On 2019-02-10 13:34, Chris Murphy wrote:
On Sat, Feb 9, 2019 at 5:13 AM waxhead <waxh...@dirtcellar.net> wrote:

Understood, but that is not quite what I meant - let me rephrase...
If BTRFS still can't mount, why would it blindly accept a previously
non-existing disk to take part of the pool?!

It doesn't do it blindly. It only ever mounts when the user specifies
the degraded mount option, which is not a default mount option.

E.g. if you have "disk" A+B
and suddenly at one boot B is not there. Now you have only A and one
would think that A should register that B has been missing. Now on the
next boot you have AB , in which case B is likely to have diverged from
A since A has been mounted without B present - so even if both devices
are present why would btrfs blindly accept that both A+B are good to go
even if it should be perfectly possible to register in A that B was
gone. And if you have B without A it should be the same story right?

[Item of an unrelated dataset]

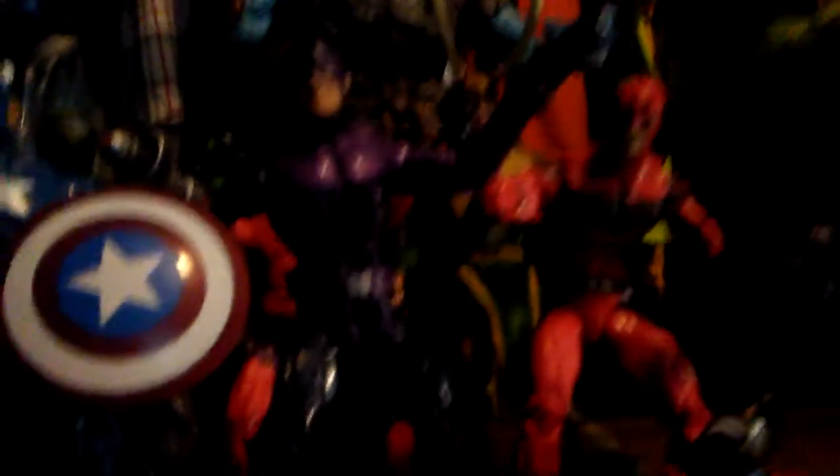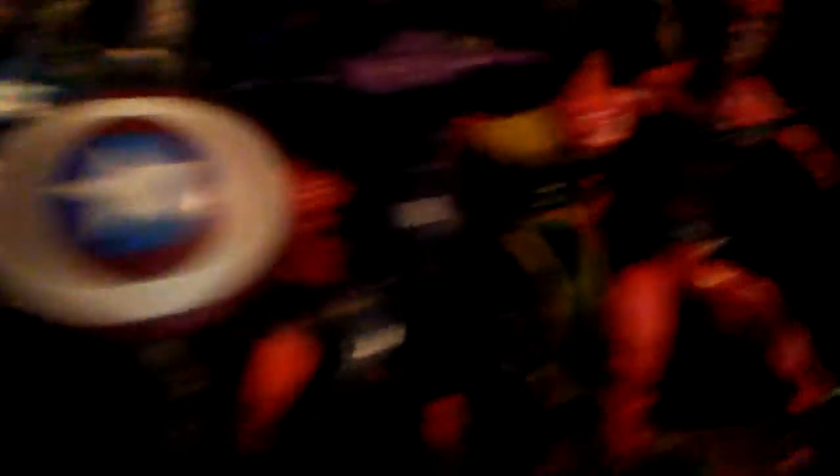Scarlet Spider from the Rhino wave. Captain America from the Red Onslaught wave. And we have Hawkeye — I got him loose, I think he's from the All-Father wave. The Walgreens Giant Man. The Marvel Universe Rocket and Groot. And the Thanos wave Hulk. Here's Craven from the Rhino wave, I think.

OK no, you haven't gone far enough to setup the split brain scenario
where there is a partially legitimate complaint. Prior to split brain,
it's entirely reasonable for Btrfs to mount *when you use the degraded
mount option* - it does not blindly mount. And if you've ever done
exactly what you wrote in the above paragraph, you'd see Btrfs
*complains vociferously* about all the errors it's passively finding
and fixing. If you want a more active method of getting device B
caught up with A automatically - that's completely reasonable, and
something people have been saying for some time, but it takes a design
proposal, and code.

As for split brain scenario, it is only the user's manual intervention
with multiple 'degraded' mount options (which again, is not the
default) that caused the volume to arrive in such a state. Would it be
wise to have some additional error checking? Sure. Someone would need
to step up with a design and to do code work, same as any other
feature. Maybe a rudimentary check would be comparing the timestamps
for leaves or nodes ostensibly with the same transid, but in any case
that doesn't just happen for free.
And even then it couldn't be made truly reliable, because data from old transactions may be arbitrarily overwritten at any point after the next transaction (and is just plain gone if you're using the `discard` mount option).


So what you are saying is that the generation number does not
represent a true frozen state of the filesystem at that point?
It does _only_ for those devices which were present at the time of the
commit that incremented it.

So in other words devices that are not present can easily be marked /
defined as such at a later time?

That isn't how it currently works. When stale device B is subsequently
mounted (normally) along with device A, it's only passively fixed up.
Part of the point of non-automatic degraded mounts that require user
intervention is the lack of anything beyond simple error handling and
fixups.

Ok, not sure I still understand how/why systemd knows what devices are
part of btrfs (or md or lvm for that matter). I'll try to research this
a bit - thanks for the info!

It doesn't, not directly. It's from the previously mentioned udev
rule. For md, the assembly, delays, and fall back to running degraded,
are handled in dracut. But the reason why this is in udev is to
prevent a mount failure just because one or more devices are delayed;
basically it inserts a pause until the devices appear, and then
systemd issues the mount command.
Last I knew, it was systemd itself doing the pause, because we provide no real device for udev to wait on appearing.